- [What needs to be done] Go to the line with "Inversion weather, fog, dawn, autumn, view" in the entries below and write out every line from there through the line with "Szürke Szarvasos Adventi", exactly and without pictures.

Dataset items
+--

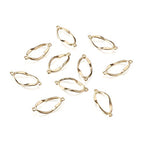 FASHEWELRY Golden Bow Connector Charms Bulk, Christmas Bowknot Link Charms, Infinity Links Geometric Hollow Bezel Pendants for Earring Bracelet Necklace Keychains Jewelry Making - color: Light Gold-Oval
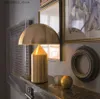 Desk Lamps High-quality Creative Plating Golden Table Lamp Simple Metal Bedroom Living Room Decoration Mushroom Desk LED Lighting Fixture Q231104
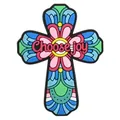 Mexikanischer Tag der Toten Kreuz-Kühlschrankmagnet aus buntem PVC mit Choose joy Text - Stil 03 - Choose joy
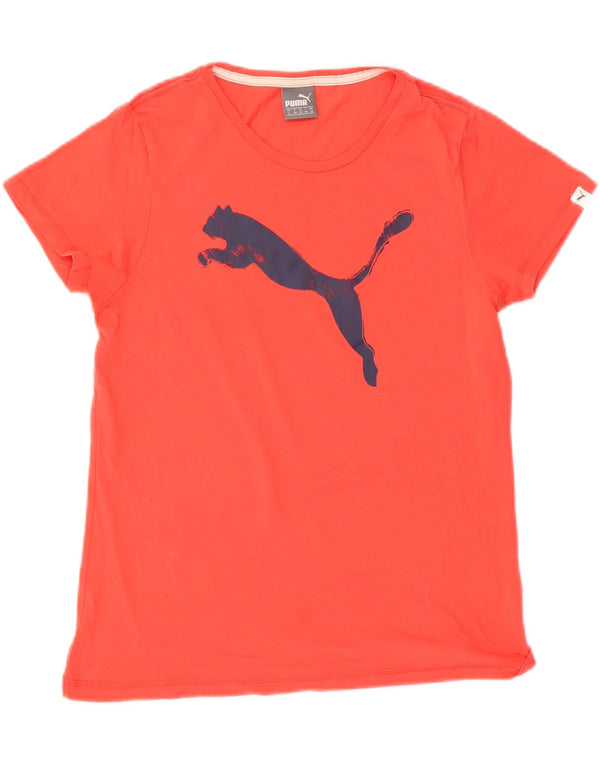 Puma Damen Grafik T-Shirt Top UK 14 Große rote Baumwolle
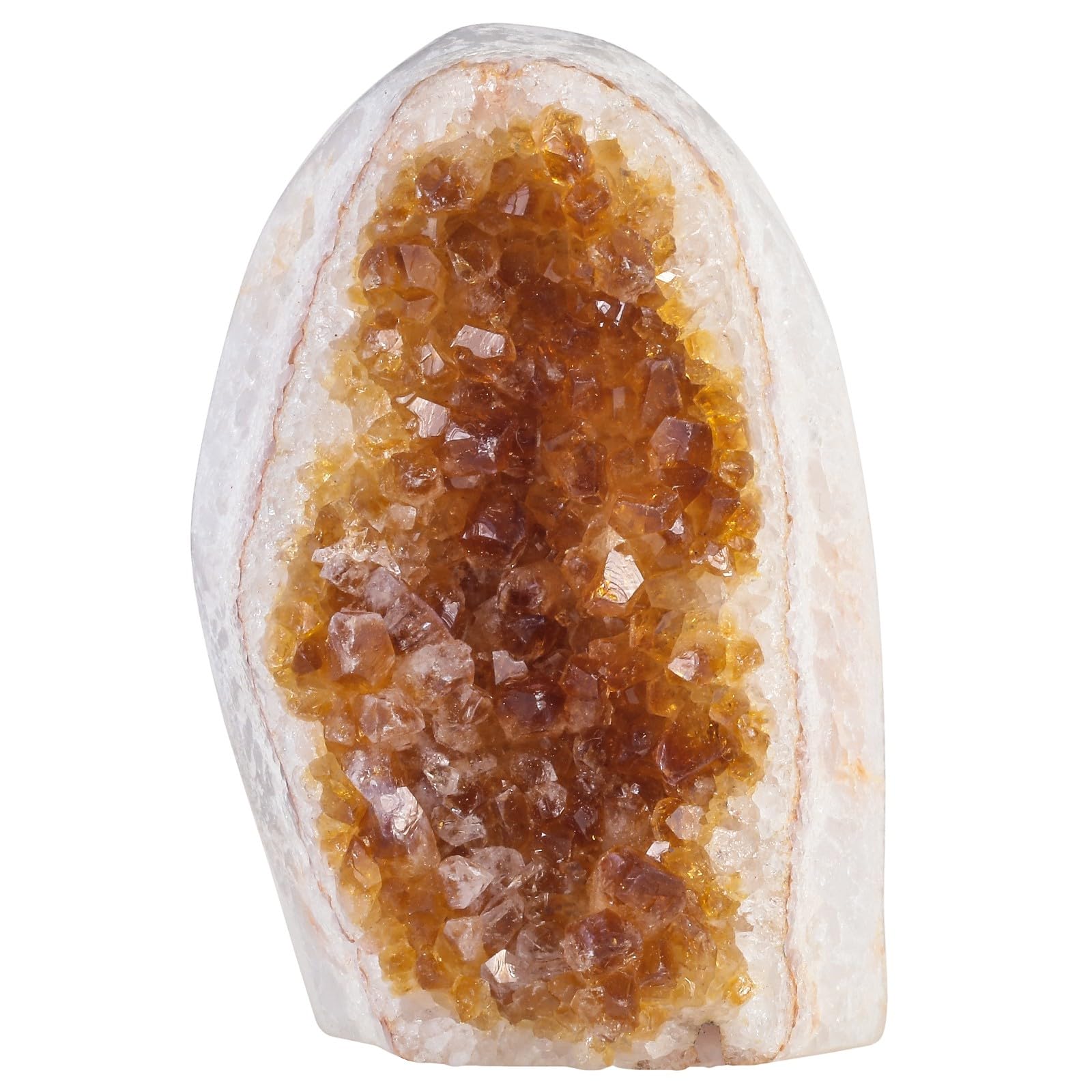 Mookaitedecor citrine crystal cluster geode with vibrant yellow display for home decor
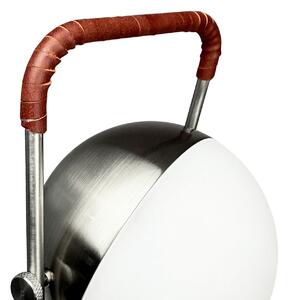 Dyberg Larsen LED-Akkutischleuchte Mova, μπορντό, IP44, ρυθμιζόμενος, Ασημένιο, Σαλόνι / τραπεζαρία, Μέταλλο, Σκανδιναβικό
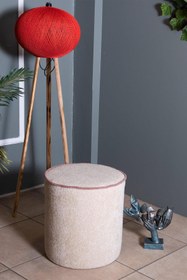 Resim Gazzini Furniture Venice Krem Teddy Puf- Yuvarlak Makyaj Masası Pufu 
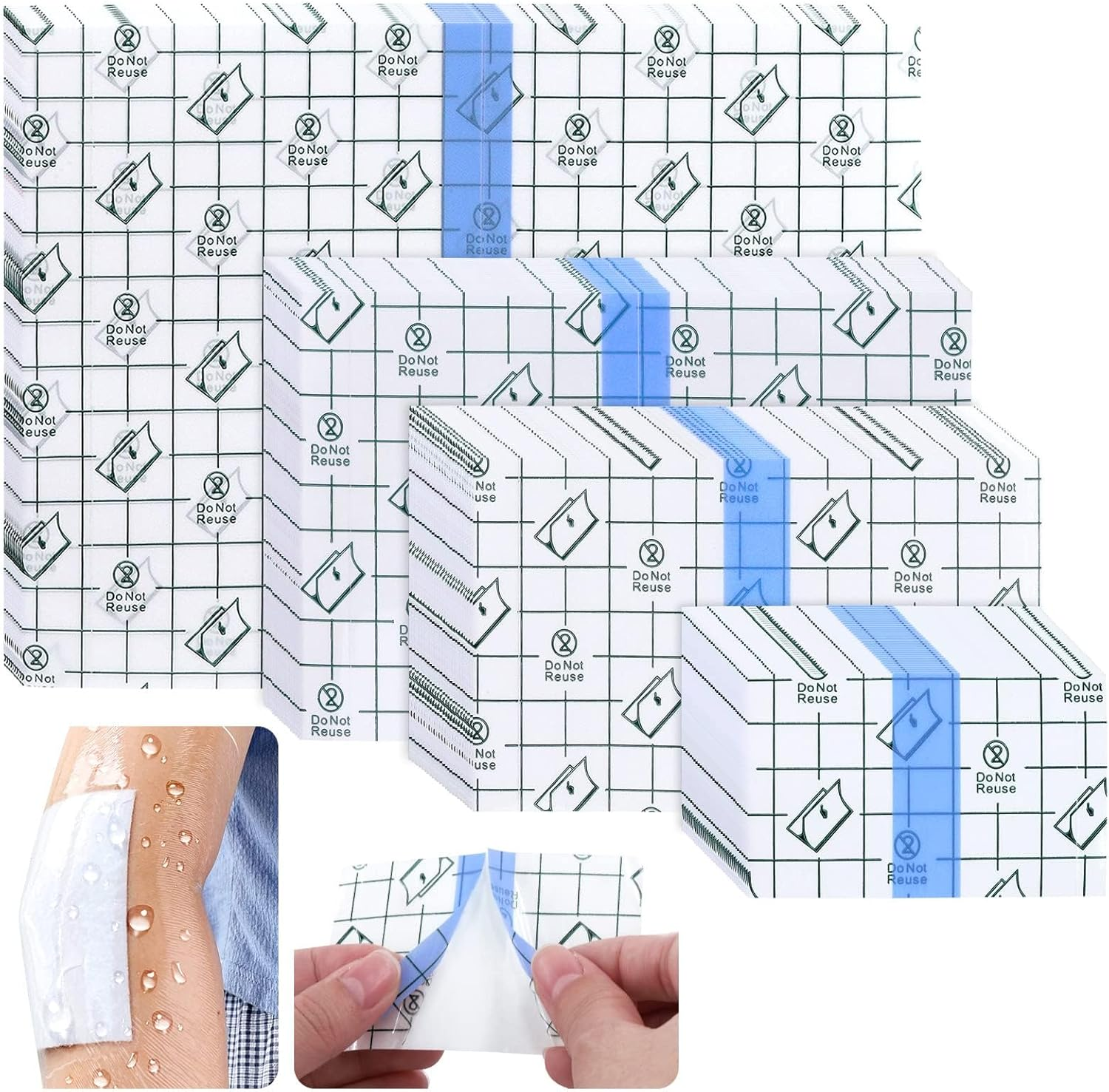 100Pcs 4 Size Transparent Stretch Adhesive Bandage, Shower Waterproof Patch Clear Adhesive Bandages, Dressing Film Adhesive Bandages Patch Tattoo Tape image number 6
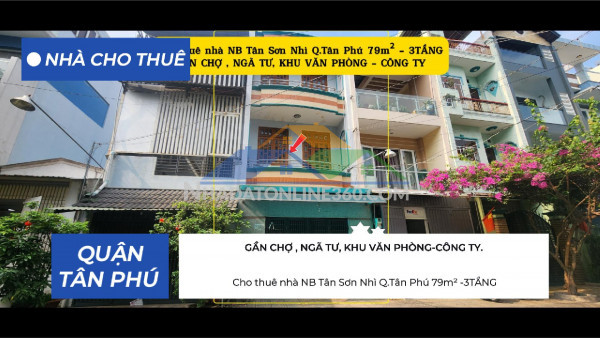 Cho thuê nhà nb tân sơn nhì q.tân phú 79m² -3tầng- 20triệu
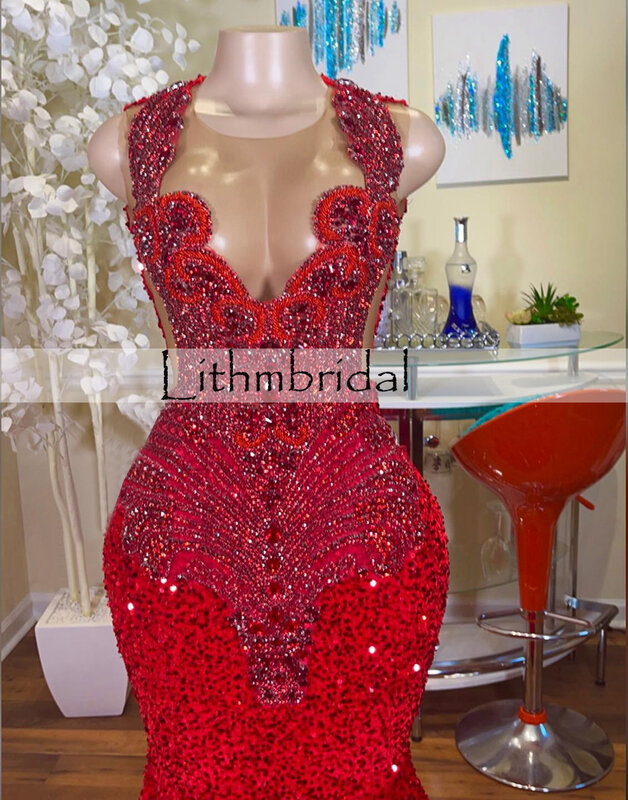 Stuning Mermaid Style Mesh Luxury Beaded Sparkly Diamond Black Girl Red Velvet Sequin Long Prom Dresses 2023 Formal Gowns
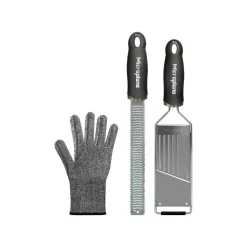 Set de 2 ralladores y guante protector Gourmet Microplane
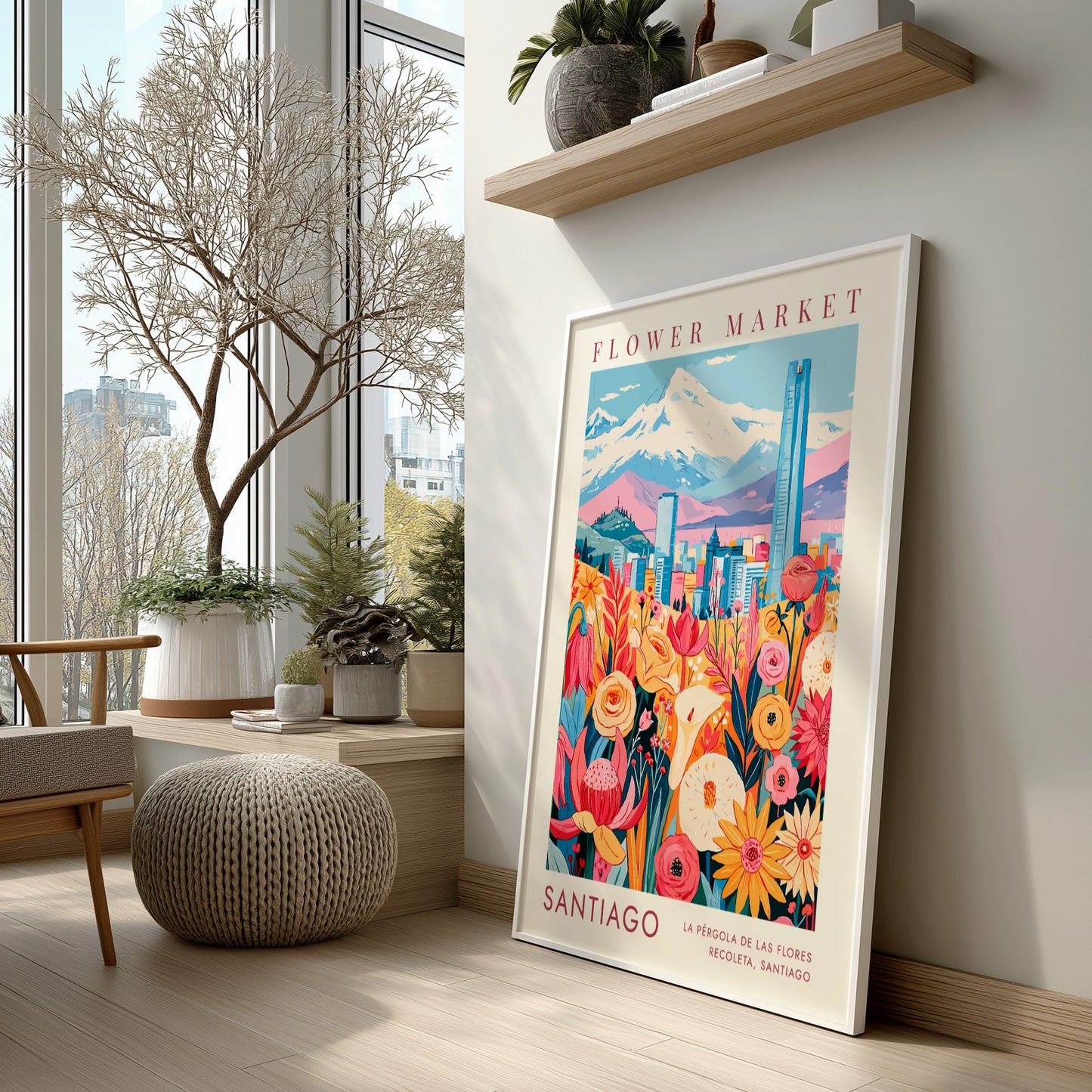 Travel poster featuring Santiago flower market with Andean mountains and blue skyline in background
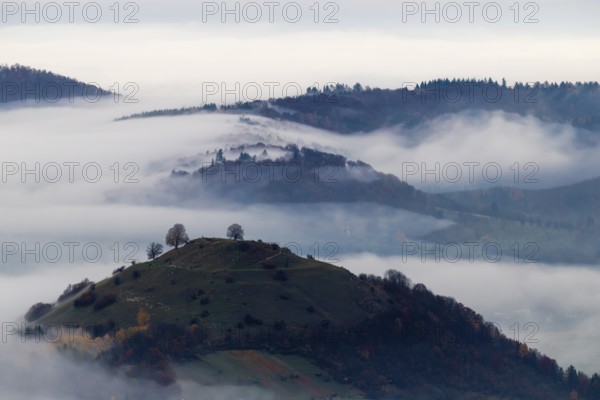 Inversion weather, fog, dawn, autumn, view from Breitenstein to Limburg, Ochsenwang, Swabian Jura, Baden-Württemberg, Germany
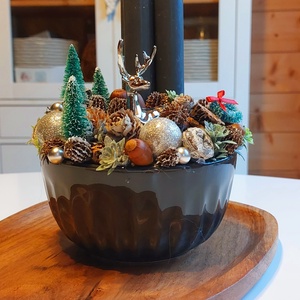 Szürke Szarvasos Adventi Koszorú Asztaldísz - karácsony - adventi díszek - adventi koszorú - Meska.hu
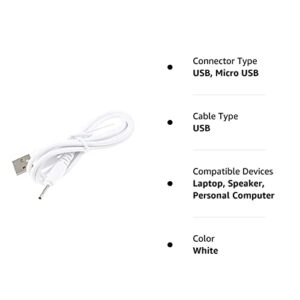 TenCloud DC 2.0mm Jack Charger Port 100CM USB Charge Replacement Power Cable Compatible with Beats Solo HD505 Headphones NOT for Dr. Dre Powerbeats3 (White)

+--

- [Exercise solution]
 Inversion weather, fog, dawn, autumn, view from Breitenstein to Limburg, Ochsenwang, Swabian Jura, Baden-Württemberg, Germany
 Szürke Szarvasos Adventi Koszorú Asztaldísz - karácsony - adventi díszek - adventi koszorú - Meska.hu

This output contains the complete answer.